In their official communication, South Africa and India said: “As new diagnostics, therapeutics and vaccines for Covid-19 are developed, there are significant concerns [about] how these will be made available promptly, in sufficient quantities and at affordable prices to meet global demand.”
While developed countries have been able to secure enough vaccine to inoculate their citizens, developing countries such as Botswana are struggling to source enough to swiftly vaccine their citizens, something which world leaders believe it would work against global recovery therefore proving counter-productive.
Since the availability of vaccines, Botswana has been able to secure only 60 000 doses of vaccines, 30 000 as donation as from the Indian government, while the other 30 000 was sourced through COVAX facility. Canada, has pre-ordered vaccines in surplus and it will be able to vaccinate each of its citizens six times over. In the UK and US, it is four vaccines per person; and two each in the EU and Australia.
For vaccines produced in Europe, developing countries are forced to pay double what European countries are paying, making it more expensive for already financially struggling economies. European countries however justify the price of vaccines and that they deserve to buy them cheap since they contributed in their development.
It is evident that vaccines cannot be made available immediately to all countries worldwide with wealthy economies being the only success story in that regard, something that has been referred to as a “catastrophic moral failure”, head of the World Health Organisation (WHO), Tedros Adhanom Ghebreyesus.

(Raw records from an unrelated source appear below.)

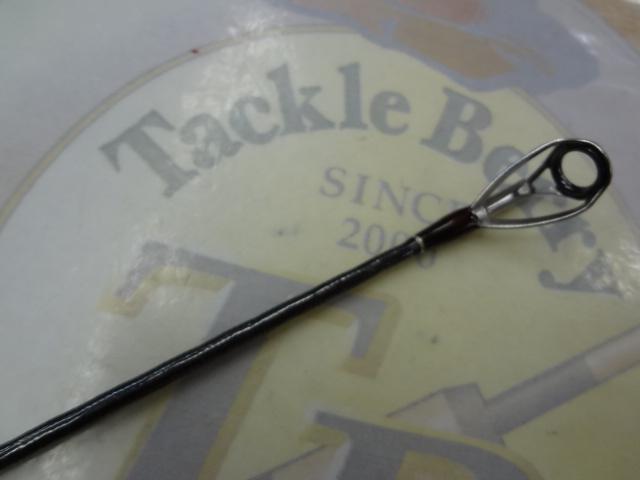 18ワールドシャウラ 1754R-2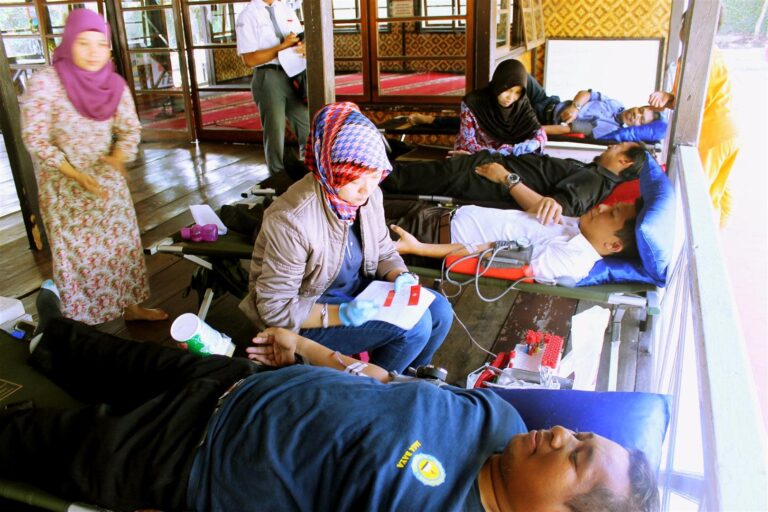 Gal 659da6c15743a1e3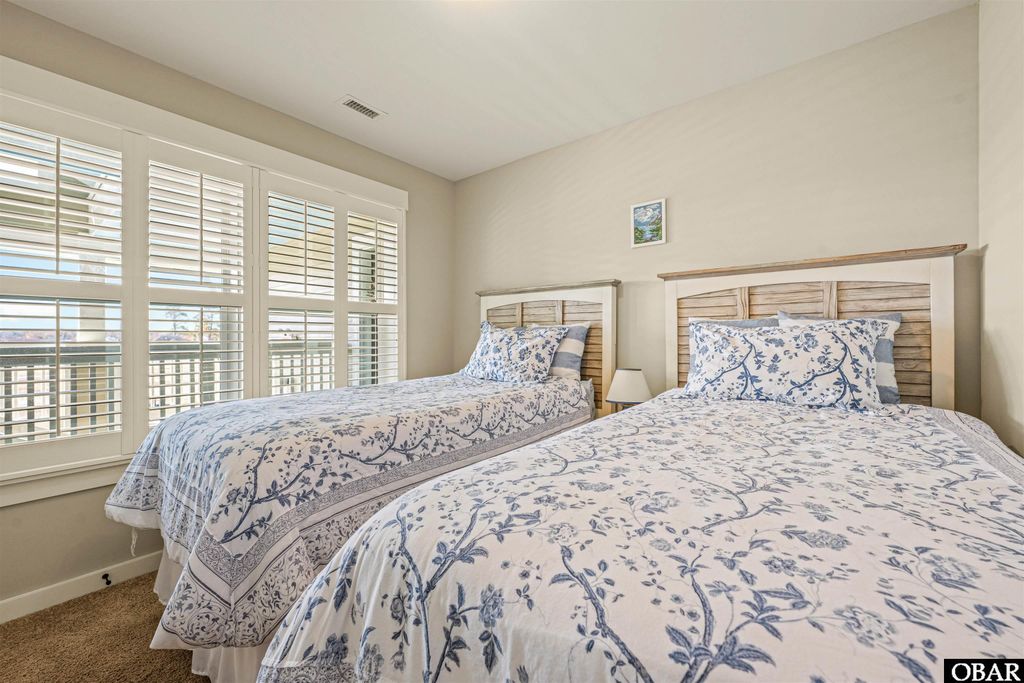 Image 22 of property listing at 200 Mercedes Ct # 302, Grandy, NC 29739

The challenge facing developing countries is not only the price, but also the capacity of vaccine manufactures to be able to do so to meet global demand within a short time. The proposal for a patent waiver by India and South Africa has been rejected by developed countries, known for hosting the world leading pharmaceutical companies such US, European Union, the United Kingdom, and Switzerland.
According to the Financial Times, US business groups including pharmaceutical industry representatives, have urged Biden to resist supporting a waiver to IP rules at the WTO, arguing that the proposal led by India and South Africa was too “vague” and “broad”.

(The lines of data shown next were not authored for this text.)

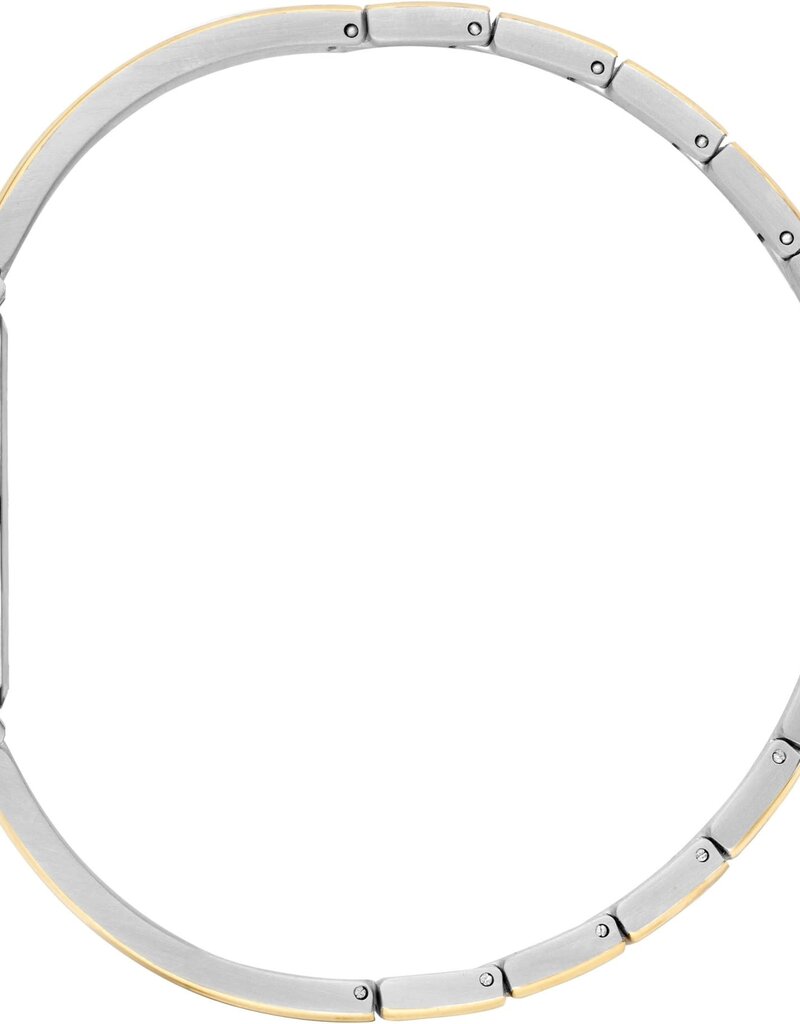 Danish Design Danish Design - Horloge - IV65Q1266 - Lilja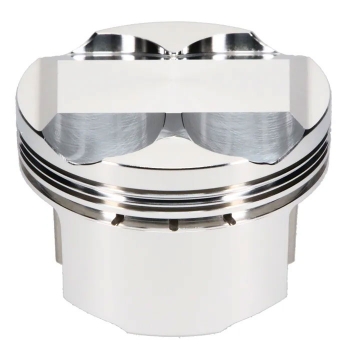 JE Pistons Schmiedekolben 83.00mm 12.8:1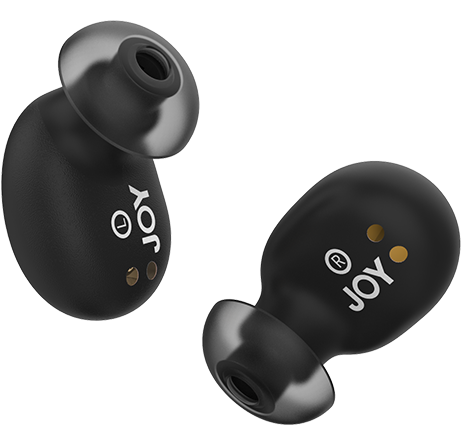 UUSI TinyS 2026 tarjous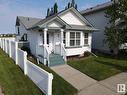 1746 Turvey Bn Nw, Edmonton, AB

The individuals who signed the letter, including Nobel laureates in economics as well as from across the arts and sciences, warned that inequitable vaccine access would impact the global economy and prevent it from recovering.
“The world saw unprecedented development of safe and effective vaccines, in major part thanks to US public investment,” the group wrote. “We all welcome that vaccination rollout in the US and many wealthier countries is bringing hope to their citizens.”
“Yet for the majority of the world that same hope is yet to be seen. New waves of suffering are now rising across the globe. Our global economy cannot rebuild if it remains vulnerable to this virus.” The group warned that fully enforcing IP was “self-defeating for the US” as it hindered global vaccination efforts. “Given artificial global supply shortages, the US economy already risks losing $1.3tn in gross domestic product this year.”